企業年金とプロセス責任
会社員等の老後の生活資金を確保するための企業年金において、年金資産を運用する責任者、すなわち年金運用責任者には、『受託者責任』と呼ばれる責任が課せられます。この受託者責任の中には、運用成果ではなく、運用過程の適切さを問う『プロセス責任』が含まれています。
プロセス責任とは、文字通り、年金資産の運用過程における責任を指します。つまり、運用結果が良い悪いに関わらず、手続きの適切さや法令遵守が問われるのです。仮に、優れた運用成績を上げたとしても、その過程で法令違反や不正があった場合には、プロセス責任を問われ、責任追及を受ける可能性があります。反対に、一時的に運用成績が振るわなかったとしても、適切な手順を踏んでいれば、責任を問われないこともあります。
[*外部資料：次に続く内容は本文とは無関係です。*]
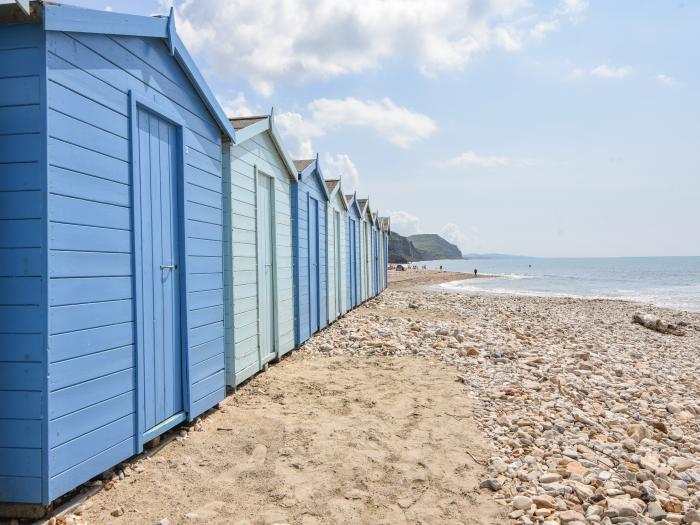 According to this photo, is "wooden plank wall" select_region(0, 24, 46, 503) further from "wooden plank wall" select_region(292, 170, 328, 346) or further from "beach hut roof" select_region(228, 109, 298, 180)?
"wooden plank wall" select_region(292, 170, 328, 346)

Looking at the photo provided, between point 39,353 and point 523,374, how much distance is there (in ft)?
19.5

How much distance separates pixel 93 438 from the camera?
3293mm

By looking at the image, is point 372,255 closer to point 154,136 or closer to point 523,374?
point 523,374

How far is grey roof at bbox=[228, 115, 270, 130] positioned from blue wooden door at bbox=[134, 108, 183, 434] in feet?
6.13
なぜこのような責任が重視されるのでしょうか。それは、年金資産の運用は長期的な視点で行われるべきものだからです。短期的な市場の変動に左右されず、将来の年金受給者の利益を守るためには、堅実で、揺るぎない運用プロセスを確立することが何よりも重要なのです。目先の利益にとらわれず、長期的な視点に立った運用を行うための仕組み作り、そして、その仕組みが正しく機能しているかを確認すること。これこそがプロセス責任の核心であり、年金運用を行う上で求められる責任の本質と言えるでしょう。